[ABOUT THIS TASK]
Please filter the data below down to the lines holding the string "Herren".
************
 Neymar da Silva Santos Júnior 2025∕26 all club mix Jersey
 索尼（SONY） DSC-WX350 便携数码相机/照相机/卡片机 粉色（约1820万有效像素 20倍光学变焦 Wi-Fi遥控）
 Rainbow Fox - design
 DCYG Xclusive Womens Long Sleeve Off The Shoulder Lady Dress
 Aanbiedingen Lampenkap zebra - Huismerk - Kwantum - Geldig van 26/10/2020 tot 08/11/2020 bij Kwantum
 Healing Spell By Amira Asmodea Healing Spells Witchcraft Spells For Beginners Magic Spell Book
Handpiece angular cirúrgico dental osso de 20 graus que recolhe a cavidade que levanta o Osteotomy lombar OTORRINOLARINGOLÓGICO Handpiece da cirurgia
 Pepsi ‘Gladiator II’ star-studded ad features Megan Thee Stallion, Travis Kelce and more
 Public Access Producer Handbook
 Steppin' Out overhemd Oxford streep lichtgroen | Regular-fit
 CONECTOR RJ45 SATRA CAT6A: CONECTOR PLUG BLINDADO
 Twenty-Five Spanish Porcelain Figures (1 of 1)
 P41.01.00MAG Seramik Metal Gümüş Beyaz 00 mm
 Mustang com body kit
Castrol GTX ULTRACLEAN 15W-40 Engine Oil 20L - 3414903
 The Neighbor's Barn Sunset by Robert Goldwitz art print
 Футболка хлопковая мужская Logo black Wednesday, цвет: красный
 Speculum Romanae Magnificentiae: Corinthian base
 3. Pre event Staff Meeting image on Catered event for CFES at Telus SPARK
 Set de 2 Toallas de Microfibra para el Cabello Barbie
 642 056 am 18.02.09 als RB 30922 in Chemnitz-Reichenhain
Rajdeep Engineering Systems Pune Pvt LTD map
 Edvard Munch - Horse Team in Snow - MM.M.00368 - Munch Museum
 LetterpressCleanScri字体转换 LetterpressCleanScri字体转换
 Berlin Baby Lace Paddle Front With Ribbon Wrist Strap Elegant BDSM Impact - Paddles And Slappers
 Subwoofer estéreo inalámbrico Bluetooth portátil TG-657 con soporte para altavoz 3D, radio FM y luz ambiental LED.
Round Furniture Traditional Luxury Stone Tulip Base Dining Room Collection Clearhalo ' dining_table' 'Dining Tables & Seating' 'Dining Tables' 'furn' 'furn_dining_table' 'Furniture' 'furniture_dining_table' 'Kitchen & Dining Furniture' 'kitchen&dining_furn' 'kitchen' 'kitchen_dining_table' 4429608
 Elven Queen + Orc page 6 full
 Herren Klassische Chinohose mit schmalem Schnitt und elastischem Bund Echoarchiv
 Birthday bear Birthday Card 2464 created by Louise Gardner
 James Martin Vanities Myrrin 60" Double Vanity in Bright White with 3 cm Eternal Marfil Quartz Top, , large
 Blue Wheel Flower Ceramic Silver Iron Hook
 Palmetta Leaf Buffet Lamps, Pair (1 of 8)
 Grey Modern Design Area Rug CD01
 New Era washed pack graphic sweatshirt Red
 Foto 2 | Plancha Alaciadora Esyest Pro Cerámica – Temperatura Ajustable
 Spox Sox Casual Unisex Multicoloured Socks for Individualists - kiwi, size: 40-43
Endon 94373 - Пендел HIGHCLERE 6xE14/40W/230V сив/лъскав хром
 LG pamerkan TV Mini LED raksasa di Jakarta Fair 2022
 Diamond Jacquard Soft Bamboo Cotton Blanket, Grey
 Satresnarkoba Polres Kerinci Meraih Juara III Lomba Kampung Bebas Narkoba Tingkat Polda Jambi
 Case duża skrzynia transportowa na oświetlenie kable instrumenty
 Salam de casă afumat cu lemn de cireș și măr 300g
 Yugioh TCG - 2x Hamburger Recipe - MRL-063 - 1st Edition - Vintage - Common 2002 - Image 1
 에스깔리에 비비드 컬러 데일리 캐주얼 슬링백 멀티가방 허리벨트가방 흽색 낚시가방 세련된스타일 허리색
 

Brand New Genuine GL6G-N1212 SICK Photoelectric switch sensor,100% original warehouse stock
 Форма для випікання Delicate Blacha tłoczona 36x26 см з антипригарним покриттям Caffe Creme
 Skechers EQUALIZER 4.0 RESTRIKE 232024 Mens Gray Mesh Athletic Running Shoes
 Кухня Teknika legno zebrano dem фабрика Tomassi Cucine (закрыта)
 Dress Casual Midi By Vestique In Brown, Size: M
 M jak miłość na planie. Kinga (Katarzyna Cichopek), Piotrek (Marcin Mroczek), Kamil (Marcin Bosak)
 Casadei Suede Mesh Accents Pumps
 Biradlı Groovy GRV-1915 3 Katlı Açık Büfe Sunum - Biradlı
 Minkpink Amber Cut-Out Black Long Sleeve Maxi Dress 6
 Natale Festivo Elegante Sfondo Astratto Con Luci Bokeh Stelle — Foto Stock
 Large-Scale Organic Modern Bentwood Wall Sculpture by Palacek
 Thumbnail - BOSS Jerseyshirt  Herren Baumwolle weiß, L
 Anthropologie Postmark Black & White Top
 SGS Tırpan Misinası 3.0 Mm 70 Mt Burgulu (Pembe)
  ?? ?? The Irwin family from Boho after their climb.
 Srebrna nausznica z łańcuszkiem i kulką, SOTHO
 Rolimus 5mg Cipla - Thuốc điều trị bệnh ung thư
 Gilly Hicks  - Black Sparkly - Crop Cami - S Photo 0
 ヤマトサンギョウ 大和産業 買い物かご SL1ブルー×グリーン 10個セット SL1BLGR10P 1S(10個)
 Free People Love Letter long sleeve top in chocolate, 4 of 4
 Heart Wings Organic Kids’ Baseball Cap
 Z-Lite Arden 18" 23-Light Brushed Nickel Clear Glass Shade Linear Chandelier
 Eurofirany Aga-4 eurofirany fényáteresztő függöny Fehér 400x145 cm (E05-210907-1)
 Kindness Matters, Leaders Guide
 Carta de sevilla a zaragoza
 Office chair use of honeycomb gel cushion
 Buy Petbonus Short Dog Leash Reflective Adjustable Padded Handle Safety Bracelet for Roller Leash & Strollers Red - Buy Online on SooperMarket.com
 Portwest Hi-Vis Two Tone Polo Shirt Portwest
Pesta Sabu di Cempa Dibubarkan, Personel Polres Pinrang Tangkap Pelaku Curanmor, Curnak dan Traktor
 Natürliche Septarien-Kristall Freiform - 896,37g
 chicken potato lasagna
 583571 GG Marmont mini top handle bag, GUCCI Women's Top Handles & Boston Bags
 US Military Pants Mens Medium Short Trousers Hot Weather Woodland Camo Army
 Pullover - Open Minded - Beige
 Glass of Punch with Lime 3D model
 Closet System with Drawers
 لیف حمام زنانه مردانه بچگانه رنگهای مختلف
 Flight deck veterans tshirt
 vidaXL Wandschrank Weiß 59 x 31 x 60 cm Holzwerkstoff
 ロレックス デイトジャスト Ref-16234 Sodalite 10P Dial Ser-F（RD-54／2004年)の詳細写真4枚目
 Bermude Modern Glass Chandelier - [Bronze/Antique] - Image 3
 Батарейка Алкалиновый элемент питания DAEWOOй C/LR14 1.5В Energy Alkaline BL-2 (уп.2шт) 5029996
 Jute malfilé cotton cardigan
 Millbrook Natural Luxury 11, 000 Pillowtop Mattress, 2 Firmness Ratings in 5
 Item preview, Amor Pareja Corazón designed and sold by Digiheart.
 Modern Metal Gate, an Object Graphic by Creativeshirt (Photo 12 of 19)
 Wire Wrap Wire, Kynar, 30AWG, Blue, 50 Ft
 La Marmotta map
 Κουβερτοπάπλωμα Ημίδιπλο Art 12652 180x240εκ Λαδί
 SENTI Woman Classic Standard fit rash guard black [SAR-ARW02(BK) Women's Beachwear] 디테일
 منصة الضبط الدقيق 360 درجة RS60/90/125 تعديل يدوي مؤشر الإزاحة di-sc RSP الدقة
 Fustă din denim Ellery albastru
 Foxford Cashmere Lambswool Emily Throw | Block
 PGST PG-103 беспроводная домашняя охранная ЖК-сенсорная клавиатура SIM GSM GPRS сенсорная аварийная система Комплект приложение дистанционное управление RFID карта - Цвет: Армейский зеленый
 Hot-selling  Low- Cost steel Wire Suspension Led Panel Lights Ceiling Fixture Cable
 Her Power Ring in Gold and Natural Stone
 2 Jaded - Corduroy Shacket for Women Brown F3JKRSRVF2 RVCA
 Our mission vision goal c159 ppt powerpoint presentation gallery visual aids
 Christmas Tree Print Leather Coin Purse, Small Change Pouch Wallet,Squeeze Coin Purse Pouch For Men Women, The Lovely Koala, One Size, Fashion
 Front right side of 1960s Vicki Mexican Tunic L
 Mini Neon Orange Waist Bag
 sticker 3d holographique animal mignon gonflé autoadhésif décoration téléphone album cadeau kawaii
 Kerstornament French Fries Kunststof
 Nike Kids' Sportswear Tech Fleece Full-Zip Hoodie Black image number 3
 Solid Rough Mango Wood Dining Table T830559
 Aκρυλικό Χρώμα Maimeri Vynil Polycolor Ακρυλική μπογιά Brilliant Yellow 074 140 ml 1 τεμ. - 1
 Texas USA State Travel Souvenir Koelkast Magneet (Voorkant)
************
[EXERCISE RESULT]
 Herren Klassische Chinohose mit schmalem Schnitt und elastischem Bund Echoarchiv
 Thumbnail - BOSS Jerseyshirt  Herren Baumwolle weiß, L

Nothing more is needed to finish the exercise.